### Short text fragments from websites
----------------------------------------
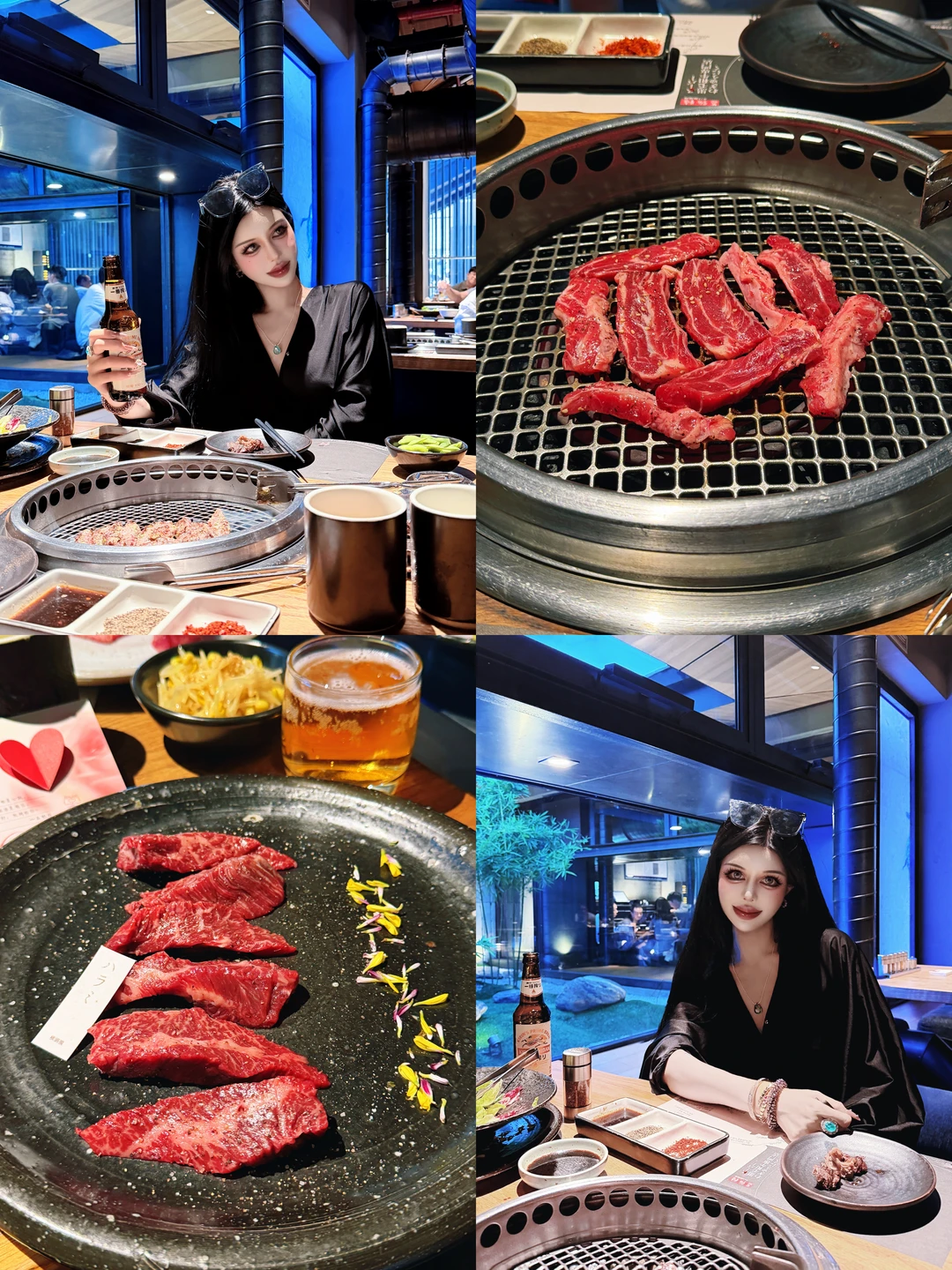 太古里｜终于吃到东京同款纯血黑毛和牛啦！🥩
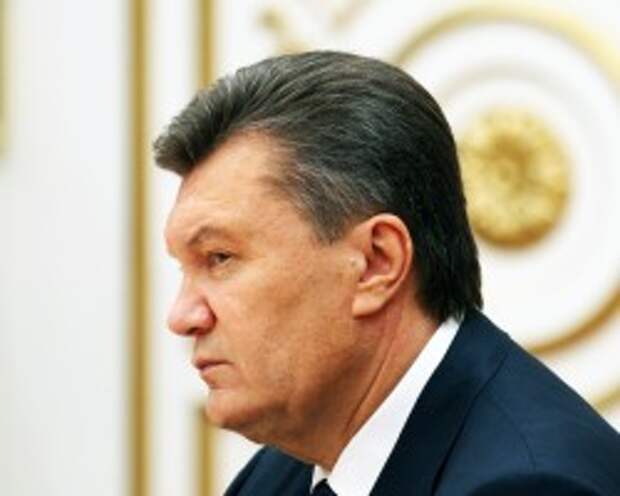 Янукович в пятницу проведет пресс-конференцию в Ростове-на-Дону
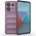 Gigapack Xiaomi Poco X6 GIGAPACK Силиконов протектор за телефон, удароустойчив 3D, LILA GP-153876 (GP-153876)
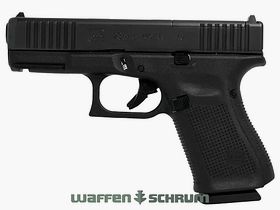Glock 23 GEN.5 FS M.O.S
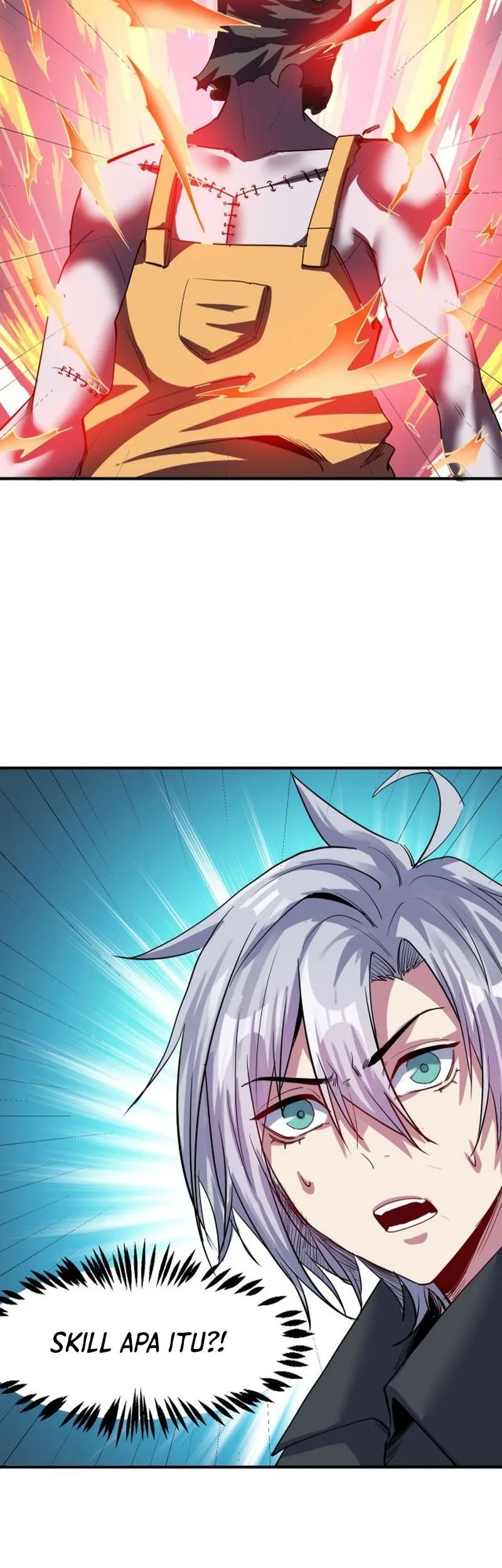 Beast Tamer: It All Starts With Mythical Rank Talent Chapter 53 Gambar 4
----------------------------------------
### Task instructions
An exact reproduction of all the records is required, with no pictures included.

### Answer
 太古里｜终于吃到东京同款纯血黑毛和牛啦！🥩
 Янукович в пятницу проведет пресс-конференцию в Ростове-на-Дону
 Gigapack Xiaomi Poco X6 GIGAPACK Силиконов протектор за телефон, удароустойчив 3D, LILA GP-153876 (GP-153876)
Glock 23 GEN.5 FS M.O.S
 Beast Tamer: It All Starts With Mythical Rank Talent Chapter 53 Gambar 4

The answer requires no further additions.